Clinical implications

  1. 1.

    In undiagnosed children with neurodysfunction from birth and micro/macro-SBS, an interview should be conducted for risk factors for perinatal brain injury and fetal alcohol exposure.

  2. 2.

    Undiagnosed children with micro/macro-SBS and neurodysfunction admitted to the Department of Neurological Rehabilitation should receive a referral to:

    1. a.

      the Outpatient Clinic/Department of Neurology to: perform an MRI of the brain and spinal cord to confirm/exclude cerebral palsy and neural tube defect; perform ENG and EMG to confirm/exclude neuromuscular diseases,

    2. b.

      the Genetic Outpatient Clinic in order to perform diagnostics to confirm/exclude genetic and neuromuscular diseases.

  3. 3.

    Children with micro/macro-SBS require an in-depth assessment of their nutritional status based on BMI and, if indicated, adequate therapeutic management.

  4. 4.

    The prognosis of motor development, as assessed by GMFCS, cannot be related to micro-SBS and macro-SBS in children with established diagnosis and neurodysfunction.
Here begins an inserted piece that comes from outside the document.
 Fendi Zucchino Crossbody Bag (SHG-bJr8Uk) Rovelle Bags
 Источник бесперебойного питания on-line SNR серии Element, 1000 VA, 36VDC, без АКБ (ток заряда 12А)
The claim that gross motor development will be worse (higher GMFCS score) in micro-SBS than in macro-SBS is not supported by statistically significant results.

Conclusions

  1. 1.

    Patients with micro-SBS and macro-SBS structure present abnormal differences in body proportions.

  2. 2.

    Micro-SBS and macro-SBS were not identified in patients with progressive encephalopathy.

  3. 3.

    Micro-SBS was most frequently identified in patients with spastic CP. Hemiplegia is rarely accompanied with micro-SBS and frequently with macro-SBS.

  4. 4.

    Patients receiving treatment for hydrocephaly did not present developmental defects reflected by micro/macro-SBS.

  5. 5.

    Macro-SBS co-occurred with hydrocephaly not treated surgically.